Here's a SPICE simulation, which varies the input capacitor from 1pF to 1F and you can see that it makes absolutely no difference to the response of the filter. All the response lines are identical. You can see from the plot that it is a 12dB/octave second-order roll-off, not an 18dB/octave 3rd order roll-off.
View attachment 330639View attachment 330640However, with a current source, the situation a PI filter is designed for, the input capacitor does change the response.

Hi,

I am not sure what you are showing here. I know the input cap does not change the voltage response on the output I even said that myself. What it changes is the input impedance to the network which means it will draw a different current from the source. It can be a different level or phase or both.

What I did say was that there is probably no inductor that will satisfy the original problem which was to find an inductor L that allows the voltage on the input to be attenuated by a factor of 1/10 (one-tenth). That means if we put 1v peak AC into the network we want to get 0.1v peak AC on the output. That does not look possible but you could try if you like and post results here.
What does look possible is if we use it like a Pi filter would normally be used, and that is between two other networks (of some type) that have input and output impedances of their own. That would mean the input source would have some output impedance and the output would have some load impedance. For example, the source could have 50 Ohms and the output load 50 Ohms. We should be able to get an attenuation factor of 1/10 then. You can try without that though and that's using the original question statement.
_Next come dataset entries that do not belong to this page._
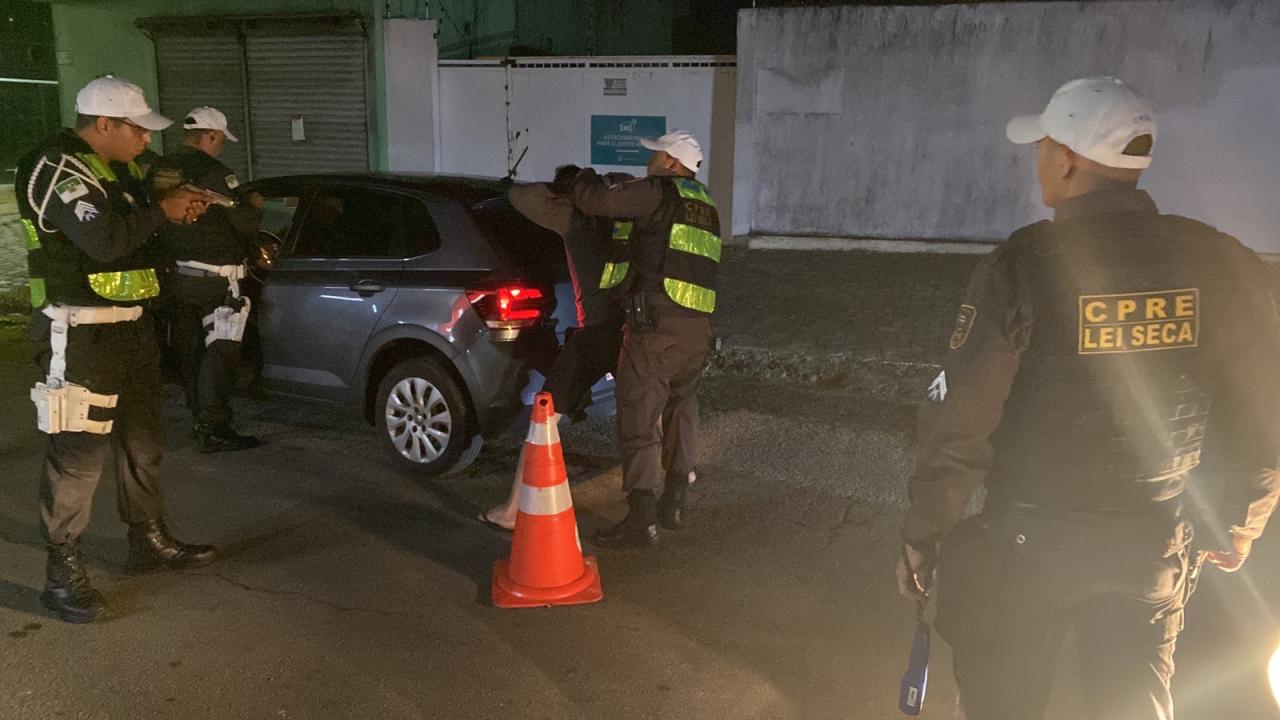 LEI SECA/ CPRE REGISTRA DETENÇÕES POR PORTE DE ENTORPECENTES E EMBRIAGUEZ AO VOLANTE DURANTE FISCALIZAÇÃO NAS ZONAS LESTE E OESTE DE NATAL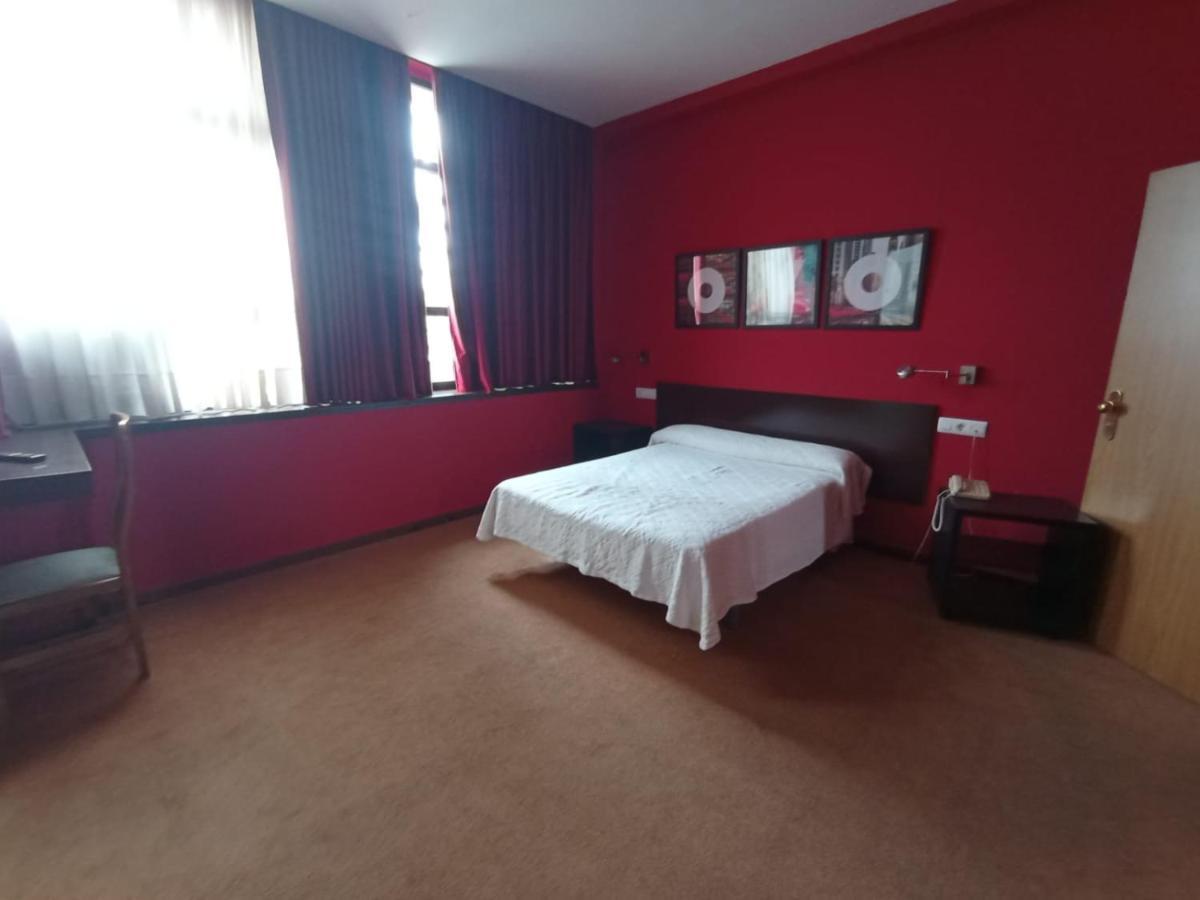 Hotel / Restaurante La Pepa أفيليس المظهر الخارجي الصورة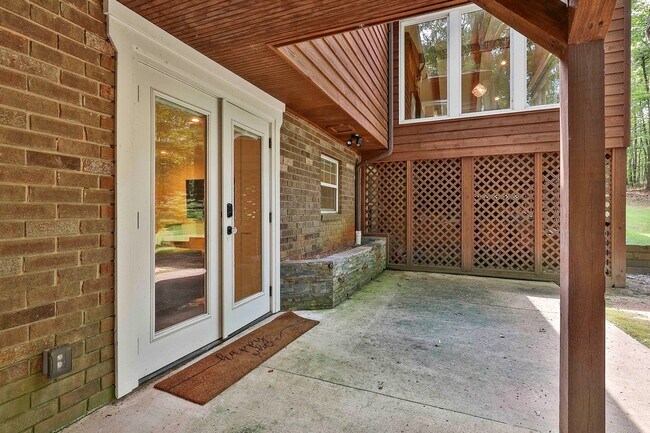 Foto del edificio - 410 Thornton Ln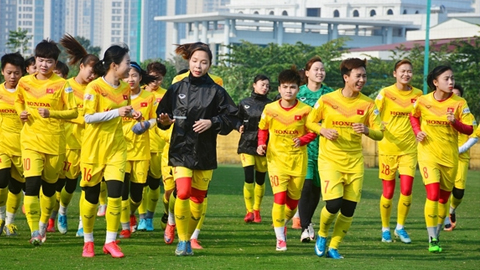 Đội tuyển nữ Việt Nam tích cực tập luyện. 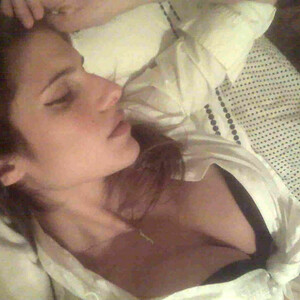 Celeb Naked Lake Bell 006 pic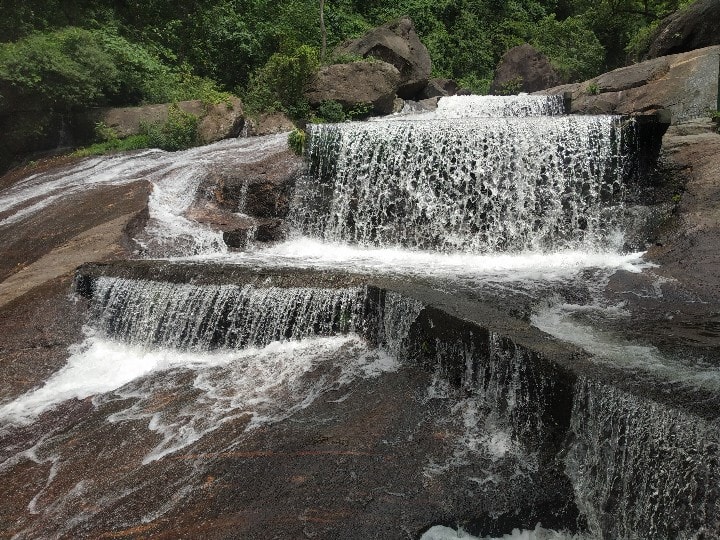 Kovai kutralam water Falls Travel Experience By coimbatore Prashanth ’மச்சி ஒரு டிரிப் போலாமா?’ (11) – ஆர்ப்பரித்துக் கொட்டும் கோவை குற்றாலம் நீர்வீழ்ச்சி பயண அனுபவம்..!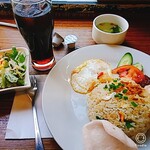 マレーカンポン - ランチ　ナシゴレン　サラダ、ドリンクバー、スープつき　全景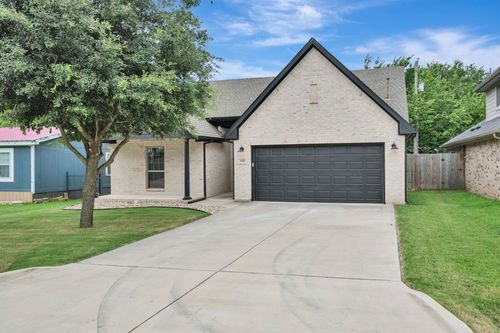 124 Elm Ln, Roanoke, TX, 76262-7211 | Card Image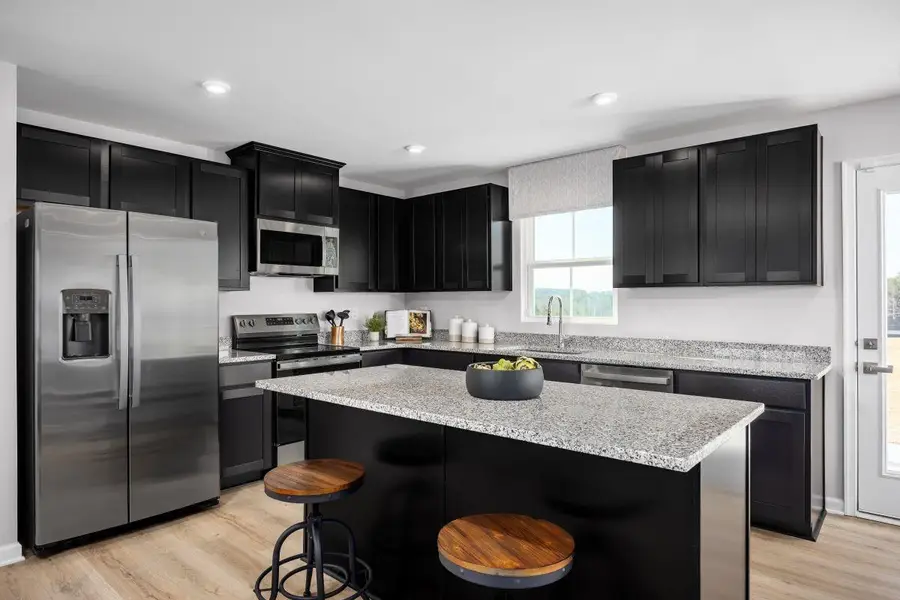 8 Holly Point Run, Staunton, VA 24401 - #2
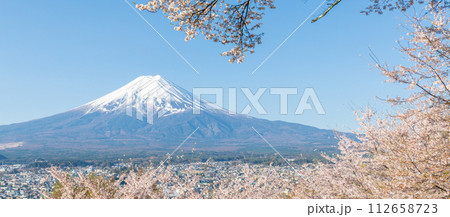「山梨県」新倉山浅間公園から眺める春の富士山 112658723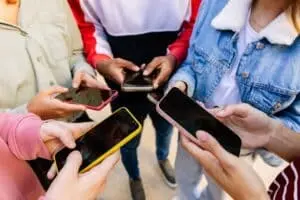 Colega de classe cria com IA deepfakes sexuais de adolescentes em escola e choca vítimas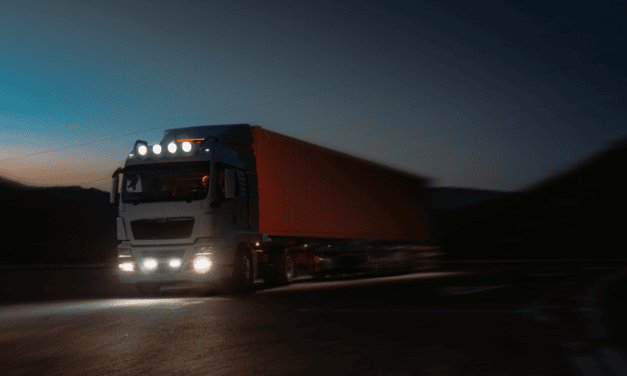 DFDS und Volvo Trucks setzen auf Nachtlogistik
See what value of L you can find.

I also said that in power factor correction the input cap may make sense even with a voltage source on the input. That's mainly because the input current will change. If the input current changes, the power factor seen by the source changes.

But anyway, see what value you can find for L using the original problem statement which calls for an attenuation factor of 1/10. So if we had 1v on the input we would see 0.1v on the output, and if 2v on the input then 0.2v on the output, etc. At the moment I do not believe it is possible, but you could try.

One of the reasons I gave for believing the problem was not posed correctly was that there was in fact an input capacitor and that it does not appear to be a circuit that requires that input capacitor. Nobody would present a problem like that unless they were trying to be tricky maybe. Sometimes a circuit problem proliferates over periods of time even when the result is wrong or there are some definite assumptions associated with the circuit that are not written down with the diagram. We actually see this a lot like with heatsinks and power transistors, where there is no mention of the heatsink on the diagram.

It may be worthwhile to revisit the Thevenin theorem. I think it does not hold for power itself only for voltage and current. Haven't tested this idea yet though and at the moment can't remember offhand.

 

But anyway, see what value you can find for L using the original problem statement which calls for an attenuation factor of 1/10. So if we had 1v on the input we would see 0.1v on the output, and if 2v on the input then 0.2v on the output, etc. At the moment I do not believe it is possible, but you could try.

I can't solve it without knowing the source impedance, which is not specified.

 

I can't solve it without knowing the source impedance, which is not specified.

Oh ok, then we agree on that

What if you leave out the first capacitor? I see it the same even like that though.

 

Oh ok, then we agree on that

What if you leave out the first capacitor? I see it the same even like that though.

Then it's a second-order L-section filter, not a 3rd order PI-section filter.
At a rough approximation, it would give 20dB of attenuation about an octave and a half above the resonant frequency.
That would give a cutoff frequency of about 35Hz, and so L would be 1/(4π^2f^2C) = 2H
Of course, the load impedance would have an effect as well.